Functional Requirements

FR-1: Section Instructions

Each artifact template must include a brief instruction block (HTML comment or frontmatter annotation) for every section, explaining what belongs there and what does not.

FR-2: Generation Prompts

Each artifact template must include or reference a generation prompt that agents can use to draft the artifact from higher-level governing artifacts. The prompt must specify which upstream artifacts to read and what context to synthesize.

FR-3: Review Checklists

Each artifact template must include a review checklist that adversarial review agents use to evaluate the artifact. The checklist must be specific to the artifact type (e.g., “Does the PRD define success metrics?” rather than generic “Is this complete?”).

FR-4: Relationship Declarations

Each artifact template must declare its upstream dependencies and downstream artifacts in a machine-readable format (frontmatter depends_on and enables fields), so the artifact graph can be traversed programmatically.

FR-5: Exemplar Artifacts

Each artifact type must include at least one exemplar — a fully worked example of a well-written artifact — either inline in the template or as a companion file. Exemplars should be drawn from real HELIX projects where possible.

FR-6: AC↔Test Traceability Is a Template Requirement

Templates must bake in acceptance-criteria-to-test traceability so that coverage is mechanically checkable rather than asserted in prose:

  1. Stable AC IDs: user-story acceptance criteria carry stable identifiers of the form US-<n>-AC<m> (e.g. US-001-AC1). The ID survives edits so downstream artifacts and tests can reference a specific criterion by name.
  2. Given/When/Then shape: every acceptance criterion is a single Given/When/Then, one precondition, one action, one observable outcome — compound criteria are split.
  3. Story-level mapping matrix: the story test plan owns the per-criterion matrix that maps each US-<n>-AC<m> to the failing test(s) that prove it, keyed by the stable AC ID. The test-plan template does not duplicate this matrix — it aggregates strategy and allocates criteria to test layers (contract / integration / unit / E2E).
  4. Layer allocation: the aggregating test plan records which layer verifies each criterion class, so reviewers can see that no P0 criterion is unallocated.

This requirement complements the honesty property in [[FEAT-016]]: stable AC IDs let the claims-vs-reality check resolve “this criterion is covered by test X” against a specific, named referent rather than against prose.

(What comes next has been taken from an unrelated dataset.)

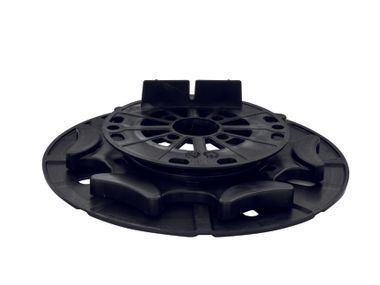 Doppelboden für Innen/Außen ARKIMEDE 18 - DECKING Dakota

Note: template-conformance (FR-1..FR-5) catches missing or weak sections. It does not catch a well-formed artifact that asserts an untrue claim (a phantom test, an invented coverage figure). That honesty property is governed by [[FEAT-016]] — Artifact Honesty (Claims-vs-Reality).

FR-7: Decomposition Coverage (Story-per-FR, ADR-per-decision)

Templates bake in decomposition expectations so rigor is reproducible rather than left to runtime taste:

  1. Story per functional requirement: PRD functional requirements carry stable FR-n IDs and every FR-n maps to ≥1 user story US-n. A story may cover several FR-ns but should not bundle unrelated requirements without recorded justification. The FR→story mapping is a coverage floor, enforced as a blocking gap by reconcile-alignment (Acceptance Criteria Validation) — extra stories are always welcome; only a FR-n with no story is a finding.
  2. ADR per material decision: a material architecture/technology decision should be recorded in an ADR. This is an expectation, not a hard gate — “material” is too fuzzy to gate deterministically, so reviewers surface a missing ADR as a recommendation rather than a blocking failure.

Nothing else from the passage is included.